Assuming a new, larger wave of immigration is impending, Pulsifer then investigates the range of options, from a wall along the Arizona-Mexico border, to local law enforcement efforts such as those by Sheriff Joe Arpaio. But Pulsifer reveals that most of these "solutions" are not solutions at all. As he observes, "The point remains that water will find its own level, and the greater the pressure at the pump end, the faster new holes will be found."
Before World War I, Russia and Turkey were the only countries which required entering foreigners to have a passport. Thus, for most of America's history, it had an "open borders" policy, and this reflected its "traditional values". Not until the Johnson-Reed Act of 1924 did the United States establish permanent immigration limits.

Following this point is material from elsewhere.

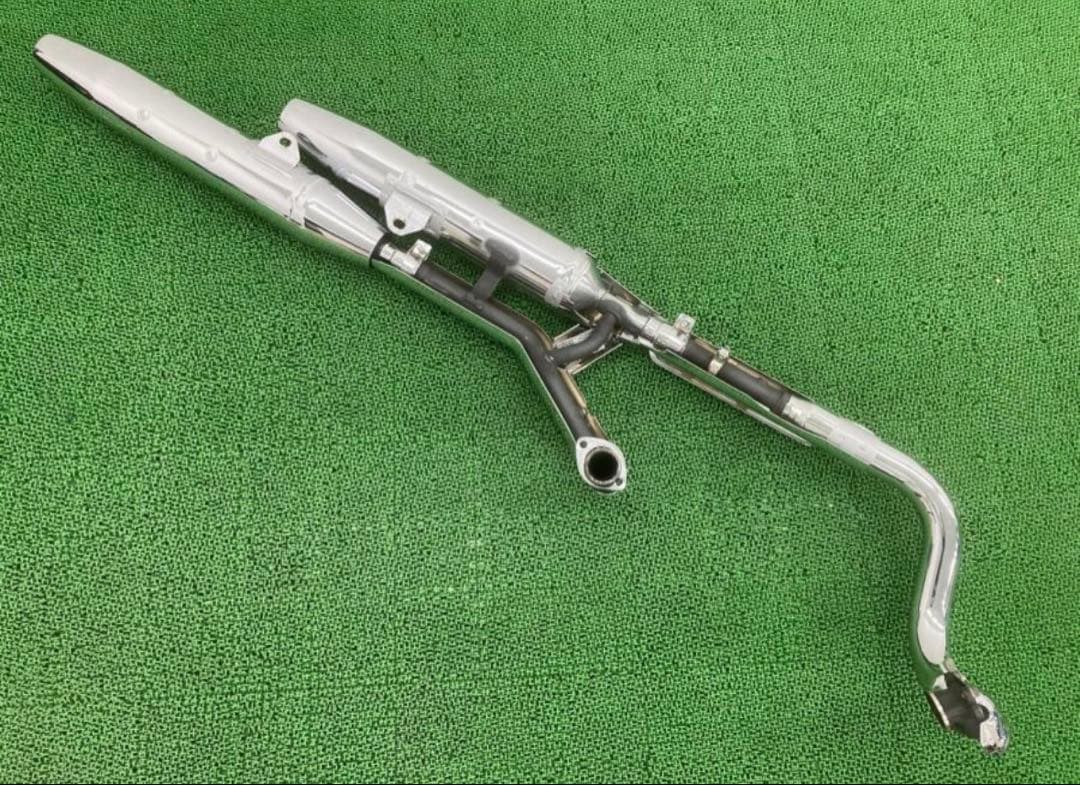 Yamaha Mufflers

When considering policy reforms, it's useful to compare current immigration limits to the period before and after Johnson-Reed. In the first decade of the 20th century, for example, about 200,000 Italians immigrated to the United States each year. In 1900 the U.S. population was about 78 million. According to the Pew Hispanic Center, from 2000 to 2005, the annual rate of entry of illegal immigrants was 525,000, of which about 60 percent were Mexican; but the population of the United States was 281 million in 2000. Thus, as a percentage of the population, the total number of illegal immigrants in modern times has been smaller than the number of Italians alone immigrating here when immigration quotas did not exist. They should thus have been more easily absorbed than earlier waves of immigrants.
Somehow, the country survived the Italian wave, and today, your great-grandmother's fears of swarthy, greasy Italians, "breeding like rabbits," importing their secret societies and criminal tendencies, shouting "Whatsamatter you?" in their illiterate pidgin while menacing random passersby with their flick-knives, seems quaintly amusing. Two or three generations of assimilation and intermixing fixed "the problem", just as it did with the Irish and other groups, none of which are, 100 years or more later, considered particularly undesirable.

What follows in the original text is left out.